Re: [git pull] x86 updates

From: Andi Kleen
Date: Thu Feb 14 2008 - 11:34:35 EST


On Thu, Feb 14, 2008 at 04:19:53PM +0100, Ingo Molnar wrote:
>
> * Andi Kleen <andi@xxxxxxxxxxxxxx> wrote:
>
> > Ingo Molnar <mingo@xxxxxxx> writes:
> > >
> > > Thomas Gleixner (1):
> > > x86: EFI: fix use of unitialized variable and the cache logic
> >
> > Your honor, I would like to register a differing opinion...
>
> As i mentioned it (in the portion of my email that you clipped), there
> are other pending CPA patches in x86.git:
>
> > > [there are more CPA cleanups still brewing but none of that is
> > > urgent.]
>
> We didnt plan to push these secondary alias fixes out yet with
> yesterday's push, and i disagree with you about their urgency.
>
> > I submitted that fix originally in a different form, but it got
> > finally stripped down to this. However in my opinion the full version
> > of the patch is still needed, otherwise EFI still does the mapping
> > wrong.
>
> well, not really. Firtly, and most importantly, can you see any failures
> on any real boxes?

I don't have any EFI boxes.

However with the one bug I found recently (set_memory_uc passed
in bytes for numpages) I doubt it was ever tested in the current
form in tree (perhaps it came from some merge mistake?)

> have little practical relevance today.
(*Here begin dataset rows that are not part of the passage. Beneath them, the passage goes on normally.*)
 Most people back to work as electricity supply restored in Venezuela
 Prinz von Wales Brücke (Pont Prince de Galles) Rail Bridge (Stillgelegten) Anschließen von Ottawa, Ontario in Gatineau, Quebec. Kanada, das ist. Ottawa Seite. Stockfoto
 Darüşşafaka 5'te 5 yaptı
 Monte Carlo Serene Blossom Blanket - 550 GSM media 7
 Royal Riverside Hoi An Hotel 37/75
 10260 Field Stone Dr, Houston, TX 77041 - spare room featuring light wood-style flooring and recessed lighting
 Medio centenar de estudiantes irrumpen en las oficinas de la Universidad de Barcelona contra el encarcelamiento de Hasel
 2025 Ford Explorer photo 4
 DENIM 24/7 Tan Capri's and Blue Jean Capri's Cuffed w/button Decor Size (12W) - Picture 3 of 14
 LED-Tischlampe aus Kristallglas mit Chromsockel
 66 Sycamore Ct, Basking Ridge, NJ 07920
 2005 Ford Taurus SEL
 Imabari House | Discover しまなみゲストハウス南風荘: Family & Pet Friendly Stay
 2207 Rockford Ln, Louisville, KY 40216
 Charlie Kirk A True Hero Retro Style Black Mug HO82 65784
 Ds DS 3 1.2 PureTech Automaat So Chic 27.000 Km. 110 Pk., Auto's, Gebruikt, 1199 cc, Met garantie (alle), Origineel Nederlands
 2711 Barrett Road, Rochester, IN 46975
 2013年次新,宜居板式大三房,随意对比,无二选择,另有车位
Getting the _primary_

The original motivation for pageattr.c back in 2002 was a very real
problem with AGP cache corruption coming from the direct mapping aliases.

Also while I was still maintaining that code and occasionally broke
it :-] I usually got reports after 1-2 releases from people who were hitting
real failures from the breakage (given a lot of that was the proprietary Nvidia
driver, but I see no reason it won't hit on completely free software too)

So from practical experience I beg to disagree.


> alias right is the most important task of CPA and -git does that all
> correctly. (we'd be seeing crashes left and right in -rc1 if it didnt)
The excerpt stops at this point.